Saturday, November 22, 2008

Quote Reflection

“A book should be like an ice-axe breaking the frozen sea within us”-Franz Kafka 

    When I first read Kafka’s statement I could not understand his message. However, when I thought back to my favorite book series-Twilight written by Stephenie Meyer, and how it could be an ice axe- I understood exactly what he meant. Kafka explains our life as a prison, which is why he uses the term ‘frozen sea’. For when something is frozen there is no life, it is motionless- like reality. In reality there is no such thing as talking animals, flying, hidden treasures. Reality can freeze our imagination; block our big ideas, paralyzing us from moving forward- leaving our mind, our life immobile, cold and lifeless. Our weapons, our ‘ice-axes’, that can free us from our shackles and spark our imagination, are the books we read. However these weapons, these books, must be sharp, captivating, hooking the reader to every word. These books must be able to bring us to places we have never dreamed of- light up ideas we could never think of alone. Amazing books should bring us comfort in our saddest of days or give us a companion in our loneliest of times. Books should release us from our prison, and give us knowledge of what is beyond our iron bars, our frozen sea. Books can provide us with knowledge of what has been, what is happening, and what is to come. Knowledge that can give us power leading to a successful life. “A book should be like an ice-axe”, a powerful weapon which is able to break the hardest of ice, releasing our ideas and imagination. Kafka emphasizes this message by using a simile, ‘A book should be like an ice-axe’, and using the oxymoron, ‘frozen sea’. A frozen sea is an oxymoron because seas are constantly moving. Constantly creating waves, the way books can constantly unlock the prisons of our imagination, creating new thoughts and ideas.   

However, many that are unprivileged are unable to read books because they cannot read and they cannot afford books. That is why many of the unprivileged are frozen in their knowledge less lives, forcing them to find shelter in the cruel streets. Others have the privilege of reading some books taken away from them. Leaders- for example the Nazis found Jewish books dangerous, so they burned Jewish books to block ‘dangerous’ ideas and information from leaking out. Some deny the opportunity to read, leaving themselves frozen in reality, with different and limited knowledge and imagination. I used to be one of these people, only reading books when it was forced upon me. That was until this summer, where my brother introduced me to the Twilight series.
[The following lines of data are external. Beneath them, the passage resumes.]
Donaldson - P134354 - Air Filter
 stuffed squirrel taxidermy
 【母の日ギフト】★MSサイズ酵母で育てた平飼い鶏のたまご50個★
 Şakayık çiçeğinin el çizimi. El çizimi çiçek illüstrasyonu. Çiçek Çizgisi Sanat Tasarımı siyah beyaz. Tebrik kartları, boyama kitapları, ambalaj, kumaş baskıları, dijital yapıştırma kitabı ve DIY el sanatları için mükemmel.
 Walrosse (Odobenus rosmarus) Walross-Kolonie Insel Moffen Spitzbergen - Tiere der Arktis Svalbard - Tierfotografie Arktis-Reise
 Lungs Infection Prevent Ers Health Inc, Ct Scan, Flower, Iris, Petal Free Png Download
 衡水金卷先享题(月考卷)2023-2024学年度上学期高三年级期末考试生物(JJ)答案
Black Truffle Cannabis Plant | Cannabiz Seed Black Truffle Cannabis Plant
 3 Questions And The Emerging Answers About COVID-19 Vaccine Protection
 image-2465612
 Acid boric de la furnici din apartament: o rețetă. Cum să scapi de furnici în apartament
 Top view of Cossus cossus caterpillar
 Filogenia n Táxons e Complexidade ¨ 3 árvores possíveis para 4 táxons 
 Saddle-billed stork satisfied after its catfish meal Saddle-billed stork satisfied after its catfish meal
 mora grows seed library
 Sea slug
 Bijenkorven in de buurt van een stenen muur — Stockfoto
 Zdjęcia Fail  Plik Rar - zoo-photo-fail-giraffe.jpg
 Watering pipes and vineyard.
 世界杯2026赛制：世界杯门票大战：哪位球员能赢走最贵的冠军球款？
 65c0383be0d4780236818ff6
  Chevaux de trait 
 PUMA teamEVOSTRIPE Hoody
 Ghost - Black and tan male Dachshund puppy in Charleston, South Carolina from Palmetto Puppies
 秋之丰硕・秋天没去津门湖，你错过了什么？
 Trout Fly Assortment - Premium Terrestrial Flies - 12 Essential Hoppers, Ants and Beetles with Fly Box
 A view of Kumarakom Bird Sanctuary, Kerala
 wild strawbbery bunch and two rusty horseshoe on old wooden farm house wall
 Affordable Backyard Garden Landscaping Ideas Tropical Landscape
From the very beginning to the very end Stephenie Meyer hooked me into her saga and broke the frozen sea within me. Before reading the Twilight saga I was not the superstitious type. After reading about a vampire falling in love with a mortal, it sparked up my imagination.  It made me believe the impossible. Its characters kept me company in my lonely grandmother’s house I stayed in during the summer. The series opened a drawer full of ideas inside me that was waiting to be unlocked- it melted the “frozen sea within me.” I now keep asking myself, “Can someone walking around me possibly be a vampire? Witch? Fairy? Werewolf?” Reading the Twilight saga has liberated my imagination, opening my mind to the unlimited boundaries of imagination. The Twilight saga has been the ice axe that has broken ‘the frozen sea within me.’

1 comment:

woodward said...

How great to hear see how literature can "[open] my mind to the unlimited boundaries of imagination."

I love your connection between Twilight and Kafka.